Jakarta, the capital of Indonesia, is the largest city in Southeast Asia with a population of over 10.5 million people in 2020. Combined with its neighboring cities, the Jakarta metropolitan region is the second largest metropolitan area in the world after Tokyo.

Although Indonesians have settled in Jakarta as early as the fourth century, the area was first colonized by the Dutch in the seventeenth century with the expansion of the Dutch East India Company (VOC). Batavia, the colonial walled city, served as the capital of the VOC and quickly grew in population as more laborers and migrants moved to work in the sugar plantations and Dutch households.
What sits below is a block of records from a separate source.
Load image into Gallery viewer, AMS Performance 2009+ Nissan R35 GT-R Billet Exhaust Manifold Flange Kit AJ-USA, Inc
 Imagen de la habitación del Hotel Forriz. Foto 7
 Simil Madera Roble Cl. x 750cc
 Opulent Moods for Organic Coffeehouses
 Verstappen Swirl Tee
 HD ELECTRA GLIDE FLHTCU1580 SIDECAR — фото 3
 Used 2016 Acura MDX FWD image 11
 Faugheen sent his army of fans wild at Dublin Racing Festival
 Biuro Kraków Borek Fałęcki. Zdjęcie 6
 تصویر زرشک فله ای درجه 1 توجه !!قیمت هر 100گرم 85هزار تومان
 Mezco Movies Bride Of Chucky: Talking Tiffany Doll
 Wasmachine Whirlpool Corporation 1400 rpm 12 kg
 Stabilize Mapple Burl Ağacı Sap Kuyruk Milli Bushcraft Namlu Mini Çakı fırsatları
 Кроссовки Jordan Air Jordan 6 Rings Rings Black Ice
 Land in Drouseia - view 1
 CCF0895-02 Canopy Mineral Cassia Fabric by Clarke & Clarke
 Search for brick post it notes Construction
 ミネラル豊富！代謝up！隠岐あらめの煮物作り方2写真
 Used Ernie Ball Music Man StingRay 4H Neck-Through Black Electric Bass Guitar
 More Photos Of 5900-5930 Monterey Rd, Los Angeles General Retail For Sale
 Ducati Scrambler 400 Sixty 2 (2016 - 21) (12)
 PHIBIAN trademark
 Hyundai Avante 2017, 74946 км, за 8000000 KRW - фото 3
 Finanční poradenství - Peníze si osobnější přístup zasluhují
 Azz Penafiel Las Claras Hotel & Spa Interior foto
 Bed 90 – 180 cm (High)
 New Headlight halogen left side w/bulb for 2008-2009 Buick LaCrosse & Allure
The Dutch were very rigid in adhering to social hierarchies; the elite Europeans lived inside the walled city while the enslaved population and Chinese migrants had limited rights and faced heavy discrimination.

After Indonesia received full independence from the Dutch in 1949, Jakarta became the capital of a newly independent country. During the second half of the twentieth century, Suharto’s New Order regime consolidated power and oversaw the country’s modernization. Despite rapid economic growth in the 1970s and 1980s due to Jakarta’s growing status in manufacturing and finance, Jakarta – and Indonesia, more broadly – faced a tumultuous period in its society. Chinese Indonesians remain a target of state-sanctioned discrimination and were banned from publicly celebrating their heritage until the 2000s.

When the 1997 Asian Financial Crisis reached Indonesia, it resulted in the May 1998 riots, which was the culmination of the public’s discontent with Suharto’s regime. The riots originated from the public’s opposition to widespread corruption, rising unemployment, and food shortages. However, the riots also targeted Chinese Indonesians, whose businesses were looted and burned down. Months later, Suharto resigned as the country’s leader, allowing Indonesia to enter Reformasi or its reform era.